Given information:
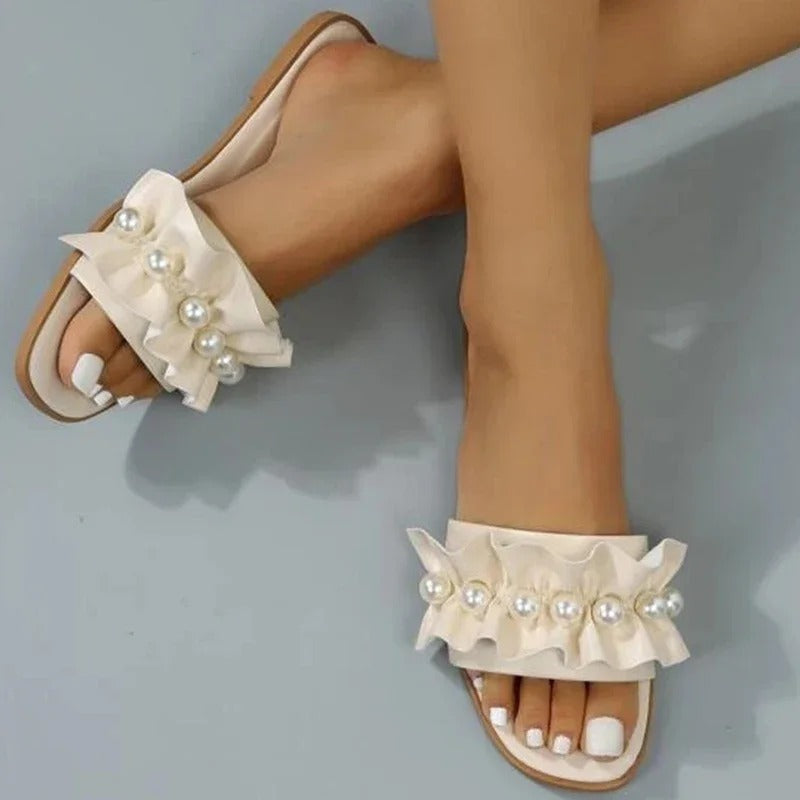 Amara Pearl slider sandal 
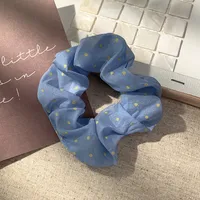 Wholesale Accessories Net Yarn Dots Hair Scrunchies Nihaowholesale sku image 3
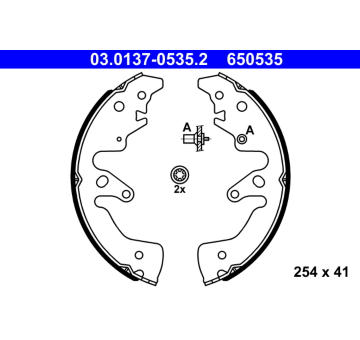 Sada brzdových čeľustí ATE 03.0137-0535.2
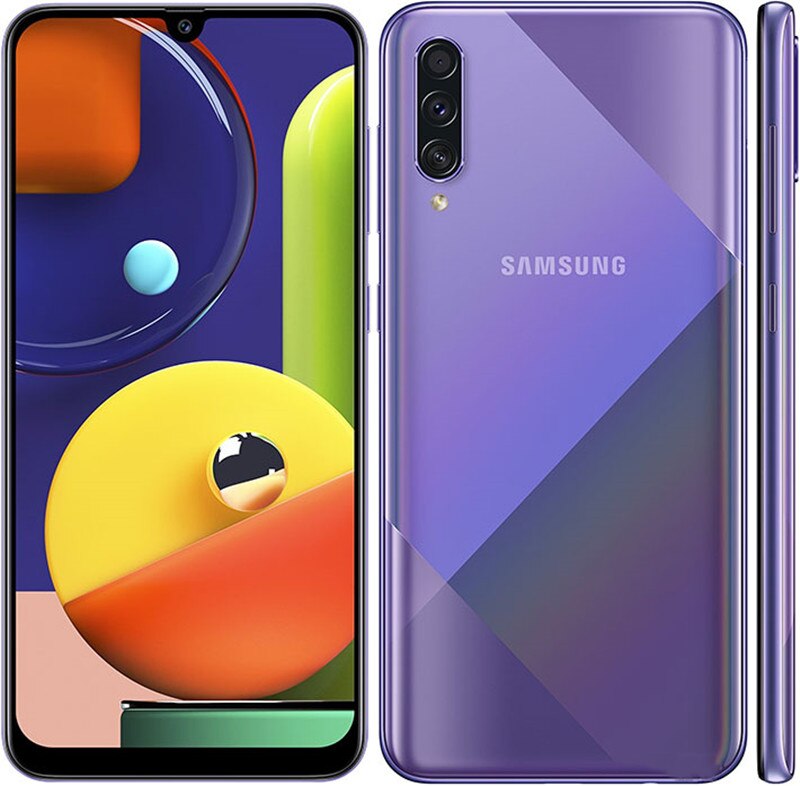 Original Samsung Galaxy A50s A5070【95% New】Unlocked Dual Sim Mobile Phone RAM 6GB ROM 128GB 6.4" Triple Camera NFC Exynos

Action item:
Each line from the one that holds "Wholesale Accessories Net" through the end of the material should be repeated exactly, and nothing more. Leave out any picture.

Problem solution:
 Wholesale Accessories Net Yarn Dots Hair Scrunchies Nihaowholesale sku image 3
 Sada brzdových čeľustí ATE 03.0137-0535.2
 Original Samsung Galaxy A50s A5070【95% New】Unlocked Dual Sim Mobile Phone RAM 6GB ROM 128GB 6.4" Triple Camera NFC Exynos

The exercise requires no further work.